Rohit De’s new book ‘A People’s Constitution’ has been awarded the Hurst Prize

May 27, 2019
In the spirit of Willard Hurst’s own work, the Hurst Prize is given to the best work in socio-legal history. The field of socio-legal history is broadly defined to include the history of interrelationships between law and social, economic, and political change; the history of functions and impact of legal agencies, legislative and administrative as well as judicial; the social history of the legal profession; and similar topics.
 
2019 Hurst Prize Co-winner
 
Rohit De, Yale University
 
A People’s Constitution: The Everyday Life of Law in the Indian Republic(Princeton University Press)
 
Rohit De’s book is legal history at its best. It takes on a broad geography and a big topic, but does so with unrelenting texture and precision. The committee was particularly impressed with De’s ability to fill the gaping hole in the historiography of law in 20th-century India: by exploring the histories of the encounter between ordinary litigants and the Supreme Court, he places Indian legal history on the same historiographical terrain as the literature on the United States and Europe. In four highly readable case studies, De effortlessly guides his readers through the thickets of postcolonial India’s legal landscape. Throughout, he asks them to pause and reflect on how they might conceptualize the work that law does in this world – and indeed, what law itself is.

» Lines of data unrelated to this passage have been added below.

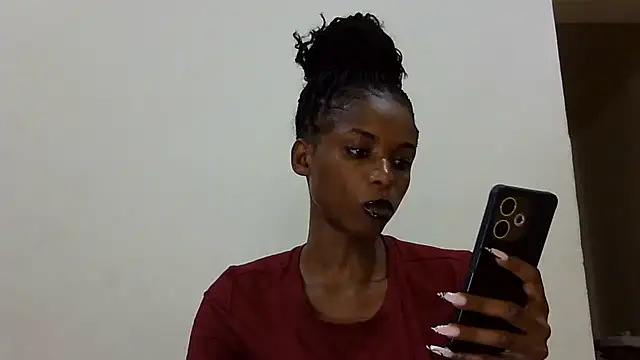 fire waiste  online show from January 5, 7:50 pm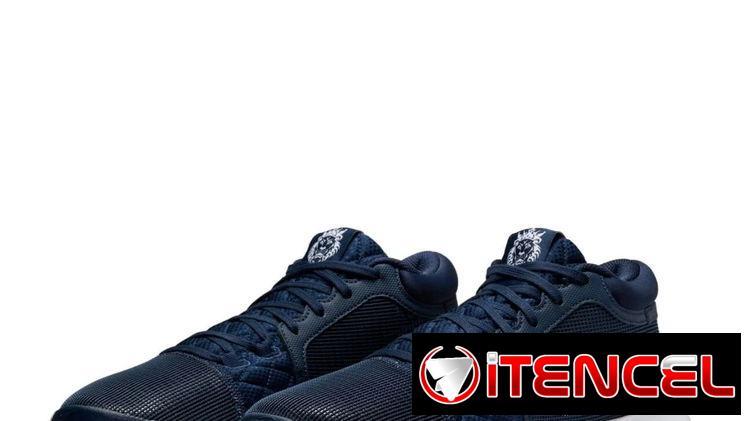 Tenis Nike 100% Originales con Garantía de Autenticidad ✅🔥‼️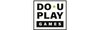 Merklogo Do U Play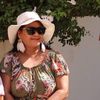 pujashrestha281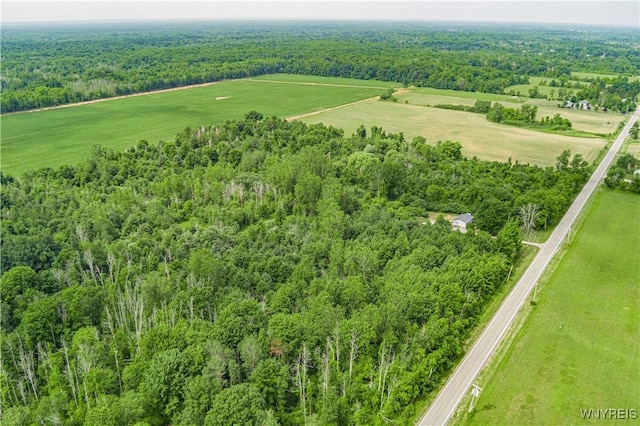 V/L Coleman Rd, Somerset, NY 14012 - photo 10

His writing bears the imprint of generations of scholarship on law, society, and government, but does so with a lightness and grace that renders the prose accessible to readers across fields and disciplines, all of whom will find in the book a topic, theme, actor, or debate that will make them feel at home in new historiographical terrain. Put plainly, A People’s Constitution is a field-defining text: it marks out a wholly new territory of 20th-century legal history and establishes South Asia as the centerpiece of the conversation on global legal history. It will be an inescapable reference for generations.